===== Source data =====

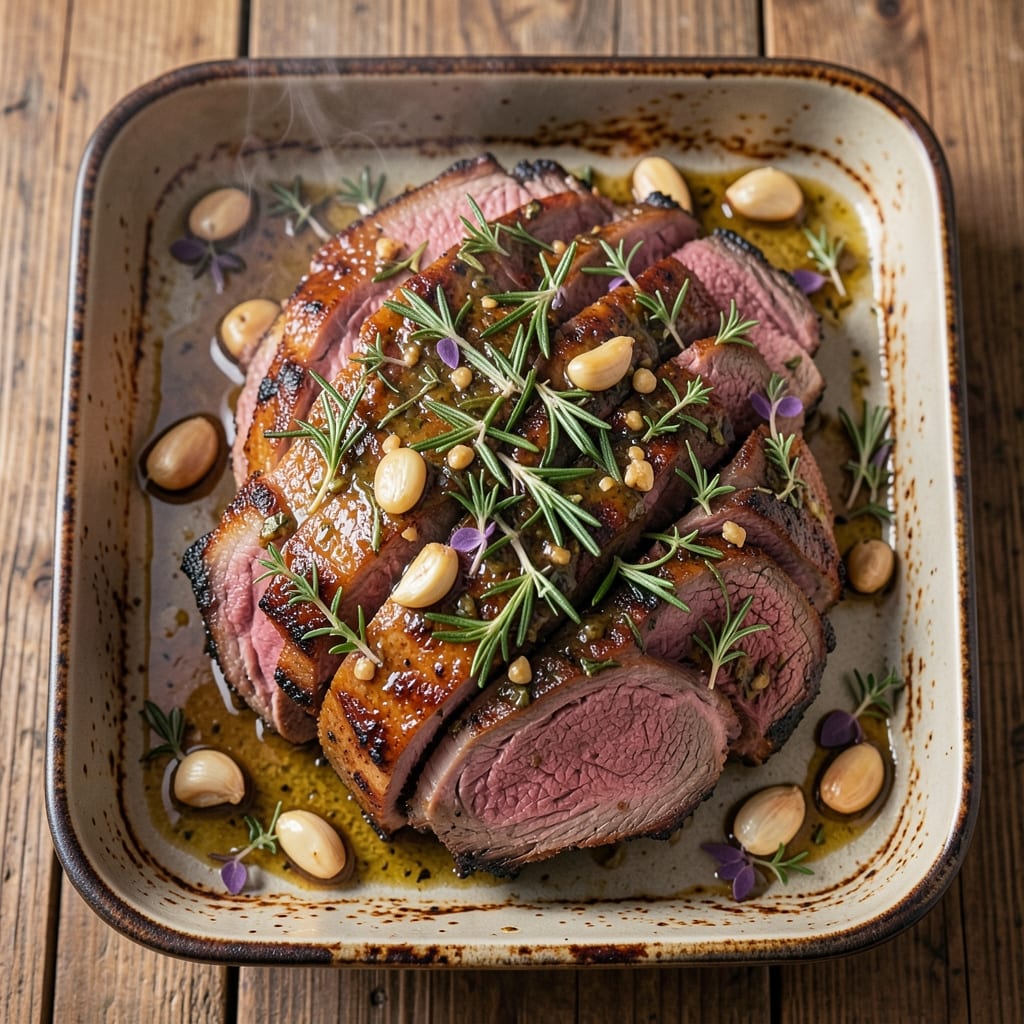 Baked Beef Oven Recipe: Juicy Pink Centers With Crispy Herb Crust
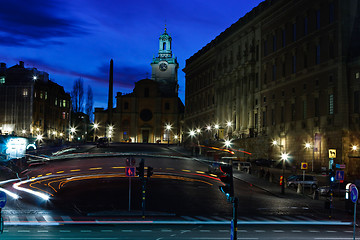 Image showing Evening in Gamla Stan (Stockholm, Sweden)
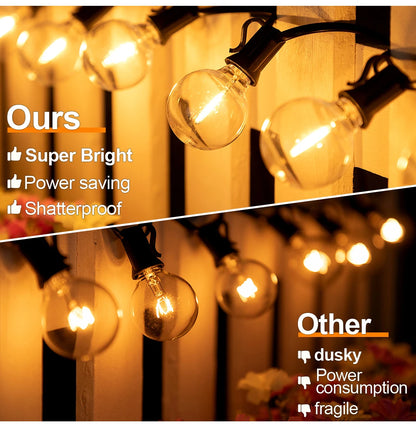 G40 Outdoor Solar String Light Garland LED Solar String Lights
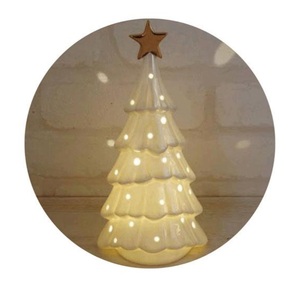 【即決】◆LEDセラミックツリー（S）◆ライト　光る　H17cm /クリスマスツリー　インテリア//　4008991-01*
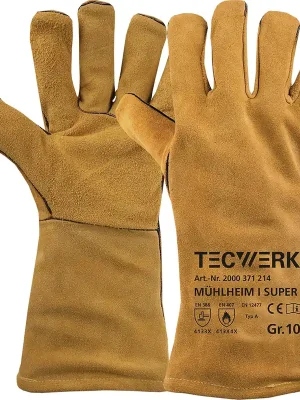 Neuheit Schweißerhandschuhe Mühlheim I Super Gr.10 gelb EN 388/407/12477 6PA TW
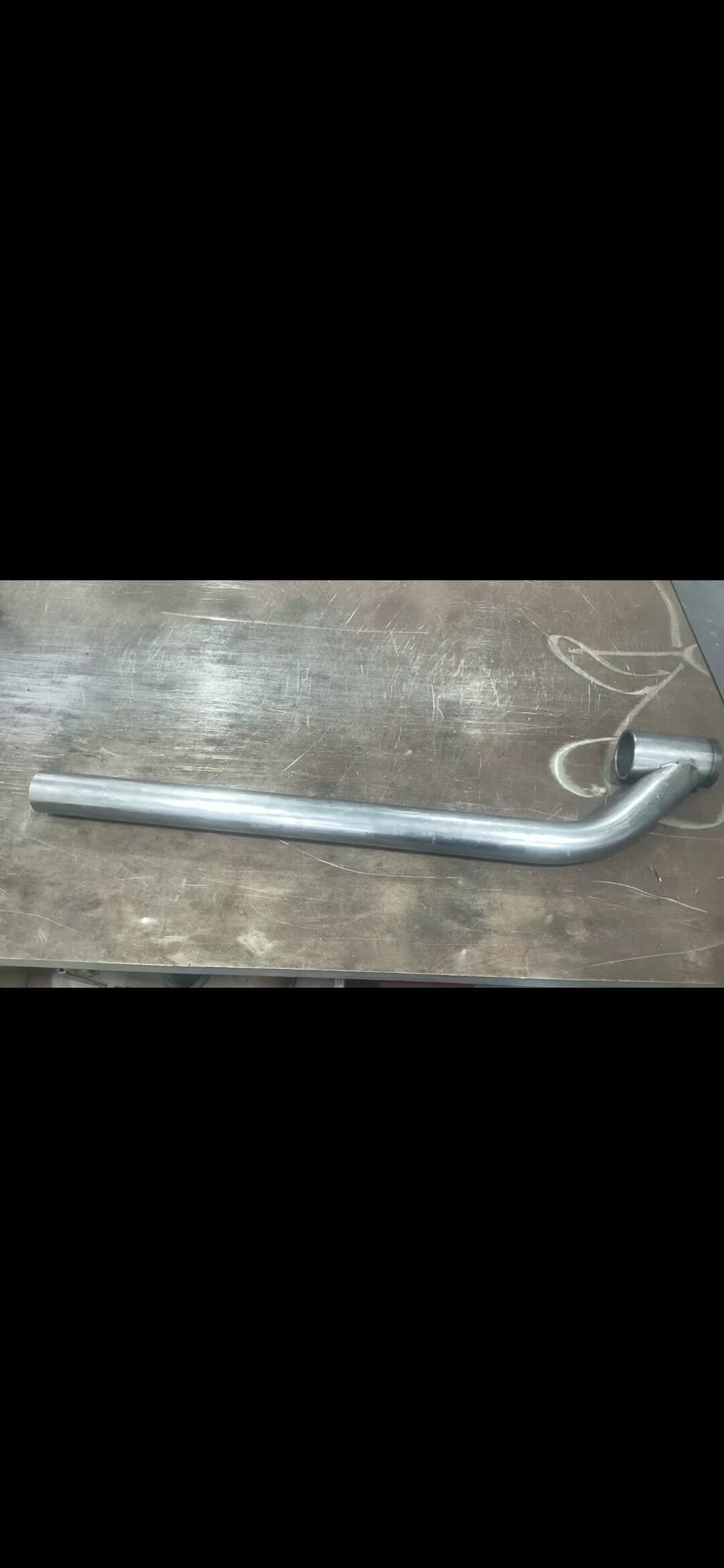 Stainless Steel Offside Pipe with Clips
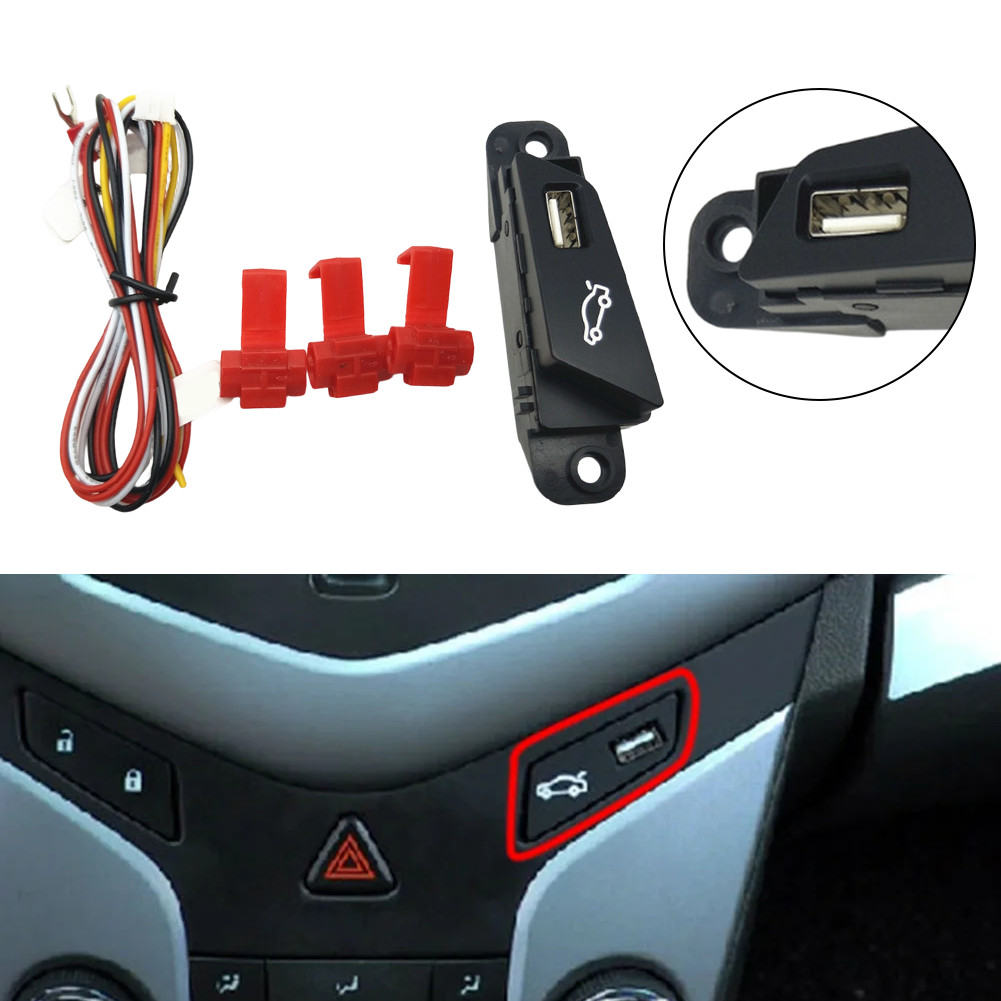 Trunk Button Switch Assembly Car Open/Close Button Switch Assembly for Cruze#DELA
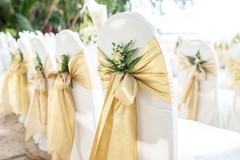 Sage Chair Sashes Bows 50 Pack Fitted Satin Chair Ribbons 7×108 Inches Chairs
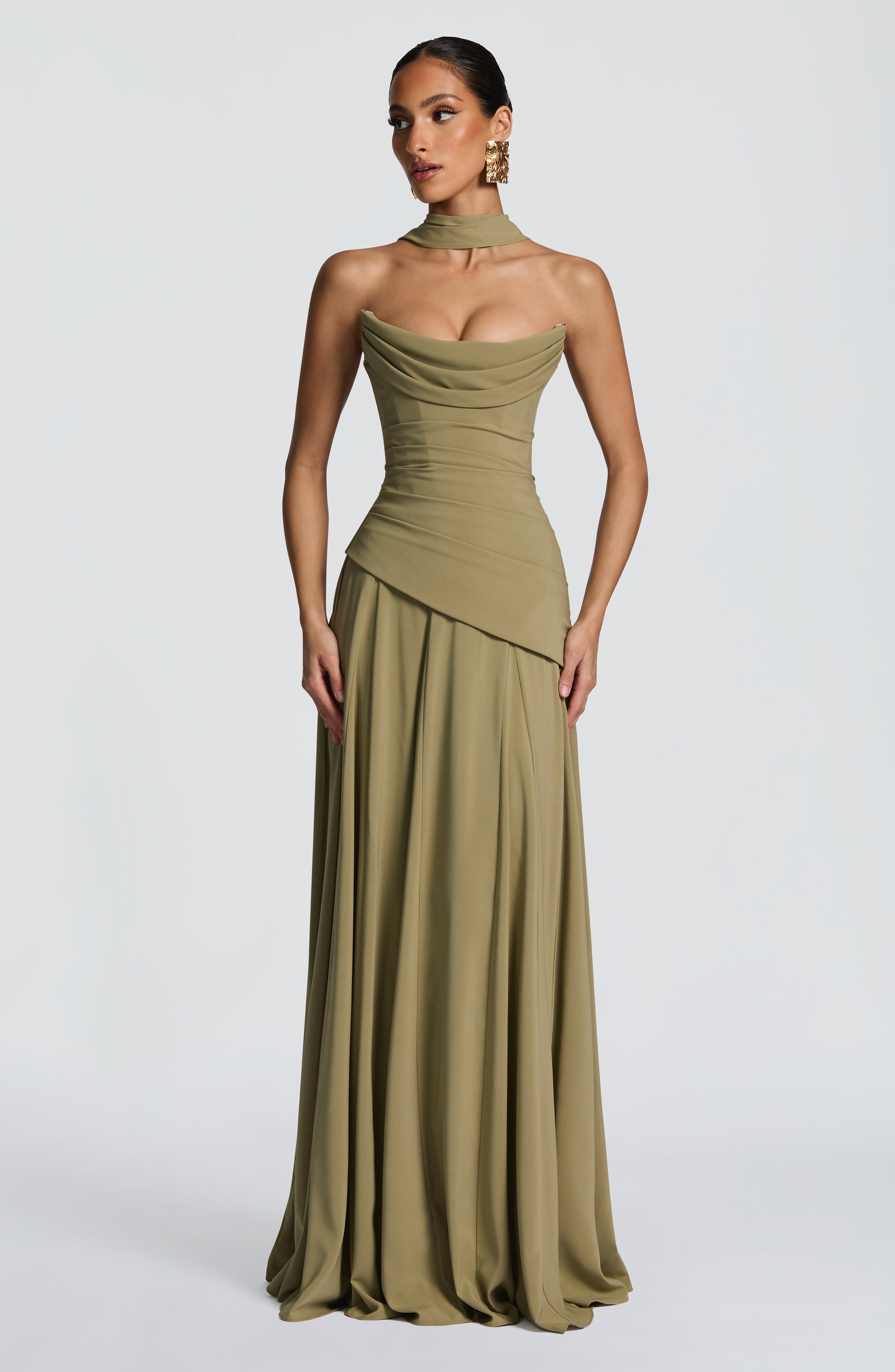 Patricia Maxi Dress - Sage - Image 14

=====

Exercise objective. Every entry above should be restated word for word, with the images left out.

Answer.
 Baked Beef Oven Recipe: Juicy Pink Centers With Crispy Herb Crust
 Image showing Evening in Gamla Stan (Stockholm, Sweden)
 G40 Outdoor Solar String Light Garland LED Solar String Lights
 【即決】◆LEDセラミックツリー（S）◆ライト　光る　H17cm /クリスマスツリー　インテリア//　4008991-01*
 Neuheit Schweißerhandschuhe Mühlheim I Super Gr.10 gelb EN 388/407/12477 6PA TW
 Stainless Steel Offside Pipe with Clips
 Trunk Button Switch Assembly Car Open/Close Button Switch Assembly for Cruze#DELA
 Sage Chair Sashes Bows 50 Pack Fitted Satin Chair Ribbons 7×108 Inches Chairs
 Patricia Maxi Dress - Sage - Image 14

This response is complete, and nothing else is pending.